FARMINGTON — A bill assigned to the Naa’bik’íyáti’ Committee is requesting Gov. Michelle Lujan Grisham name U.S. Highway 491 in honor of the late state Sen. John Pinto.
In the time that followed Pinto’s death in May, many have acknowledged him as being instrumental in advocating for and securing money to expand the highway from two to four lanes in San Juan and McKinley counties.
Pinto said he worked for more than 20 years to complete the project when it was announced in March 2014 that funding was obtained to increase the remaining portion of the highway, according to The Daily Times archives.
“He had a strong passion for that highway,” said Delegate Mark Freeland, who is sponsoring the bill, in an Aug. 9 telephone interview.
Such a designation will honor and memorialize Pinto’s legacy, Freeland said.
“It’ll be an ultimate tribute to him. I hope the state gives it some consideration,” he said.
The bill is assigned to the Naa’bik’íyáti’ Committee, where final authority rests.
According to the New Mexico Department of Transportation, the state transportation commission names roads and the commission considers written requests for such action when it is intended as a memorial to an event, person, person of historical significance, or to honor a person of national respect.
This is not the first time a council delegate is pursuing to name a highway after an important figure to the Navajo people.
Former Delegate Leonard Tsosie successfully championed a bill in May 2017 that requested the state to designate Highway 491 as Chief Manuelito Highway.
The state transportation commission granted the request and named the entire portion of the highway after the renowned Navajo leader in July 2017, according to the state department of transportation.
There has been previous action to name highways in New Mexico after Pinto, according to the transportation department.
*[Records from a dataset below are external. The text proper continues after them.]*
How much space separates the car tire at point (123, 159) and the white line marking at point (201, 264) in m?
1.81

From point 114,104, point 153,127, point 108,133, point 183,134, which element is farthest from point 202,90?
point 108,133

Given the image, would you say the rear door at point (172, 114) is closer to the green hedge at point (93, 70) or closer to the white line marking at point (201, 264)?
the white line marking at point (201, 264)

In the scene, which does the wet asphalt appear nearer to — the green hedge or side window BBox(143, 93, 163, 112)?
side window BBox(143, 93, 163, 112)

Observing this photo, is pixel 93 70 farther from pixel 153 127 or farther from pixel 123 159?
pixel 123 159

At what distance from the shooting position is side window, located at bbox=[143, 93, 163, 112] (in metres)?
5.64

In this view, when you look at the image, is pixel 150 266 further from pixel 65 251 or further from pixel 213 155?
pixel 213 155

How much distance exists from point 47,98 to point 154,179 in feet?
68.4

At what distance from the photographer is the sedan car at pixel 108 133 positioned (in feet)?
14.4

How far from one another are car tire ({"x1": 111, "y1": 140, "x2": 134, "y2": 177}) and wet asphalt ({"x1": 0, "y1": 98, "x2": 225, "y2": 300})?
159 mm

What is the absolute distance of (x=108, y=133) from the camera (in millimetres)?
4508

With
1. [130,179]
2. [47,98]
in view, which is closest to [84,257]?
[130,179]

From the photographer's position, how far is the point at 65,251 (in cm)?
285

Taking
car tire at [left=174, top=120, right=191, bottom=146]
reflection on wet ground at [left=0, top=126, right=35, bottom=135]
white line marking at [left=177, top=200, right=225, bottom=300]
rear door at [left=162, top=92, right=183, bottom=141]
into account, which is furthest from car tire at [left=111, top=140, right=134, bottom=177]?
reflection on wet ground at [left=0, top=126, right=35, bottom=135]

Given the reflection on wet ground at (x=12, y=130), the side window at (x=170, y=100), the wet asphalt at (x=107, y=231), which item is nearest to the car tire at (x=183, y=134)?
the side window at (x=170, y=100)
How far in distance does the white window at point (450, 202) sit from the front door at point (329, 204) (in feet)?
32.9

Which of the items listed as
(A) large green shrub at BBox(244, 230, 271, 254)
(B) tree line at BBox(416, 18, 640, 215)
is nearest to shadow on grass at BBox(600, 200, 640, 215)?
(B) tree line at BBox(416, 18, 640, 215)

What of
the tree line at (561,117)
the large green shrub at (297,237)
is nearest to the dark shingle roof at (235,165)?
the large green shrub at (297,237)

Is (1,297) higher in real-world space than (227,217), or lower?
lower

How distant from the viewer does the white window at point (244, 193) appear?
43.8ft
The portion of N.M. Highway 264 from Yah-ta-hey to the New Mexico-Arizona state line was designated the Sen. John Pinto Highway in October 1992.
The name remained in place until May 1998 when it was renamed the Navajo Code Talkers Highway. That change became official by the New Mexico Legislature in 2003.
The same year, state lawmakers did not approve legislation to place Pinto’s name on Highway 491.